An aggravated sigh slipped free and she pulled into the nearest parking lot, knowing she needed to take a few minutes to gather herself. For one thing, she needed to figure out where she was actually going. It was pushing eleven o’clock on a weekday; she would feel terrible for dropping in on someone. That pretty much left her with needing a hotel, which only barely justified driving out of the city. Darien had several hotel choices, but so did the city she’d just left.
“Ugh,” she grumbled, shutting off her engine and letting her head fall back against the headrest. “What now?” Now she needed a tissue, that was what. So she turned, slipped her hand into the purse resting in the passenger seat, and dug around until she found the small pack of tissues that she always carried with her.
She was wiping her nose, still sniffling, when the lights in the building she was parked in front of blinked out and her surroundings suddenly darkened. The unexpected difference startled her out of her head, catching her attention, and Angela pulled the tissue from her face as her gaze focused. Apparently she’d parked in the small parking lot of Darien’s lone video rental store, and a part of her was oddly amazed that it was even still in business. And how does it matter? It really didn’t, so she shook her head and wiped once more at her stuffed nose before extracting a makeshift garbage bag from the glove compartment.
Angela started when someone knocked on her window seconds later, a muffled male voice calling to her from the other side of the door. Her heart leapt into her throat, choking her more, and for a long, panicked second she was convinced that she’d managed to get cornered by Eric or his brother, Jacob. Two years of silence surely didn’t mean they were actually gone, after all.

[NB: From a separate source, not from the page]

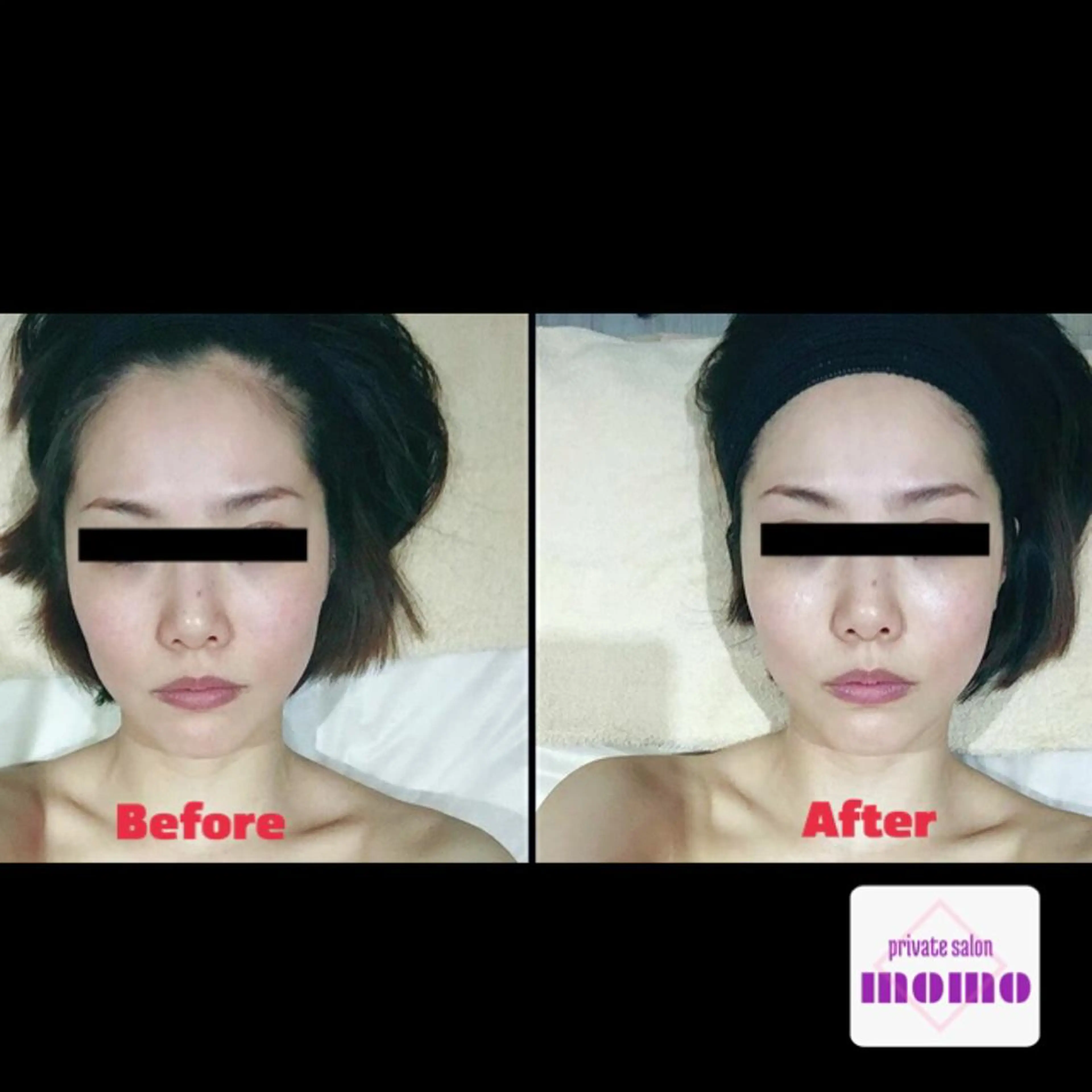 代表 MOMOのエステ・リラクイメージ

Seconds ticked by before she fully processed the familiar, intelligent blue eyes frowning back at her through the glass. Blue eyes that were set above a strong, smooth jaw and below a head of thick, blond hair. It was a face she knew, and though an immediate pang of sadness shot through her, the sight also brought a smile to her lips. That face belonged to Vaughn Prescott, one of her few true friends. A friend she hadn’t been a good enough friend to lately. And she couldn’t believe she’d forgotten, if only for a minute, that he worked there.
He stepped back, giving her room to get out of the car, and she obliged him as soon as she’d slipped free of her seatbelt.
“What’re you doing out here?” Vaughn asked by way of greeting as she eased her door shut once more. He was already frowning with either mild concern or confusion, and she found herself glad for the darkness around them. He was less likely to see that she’d been crying.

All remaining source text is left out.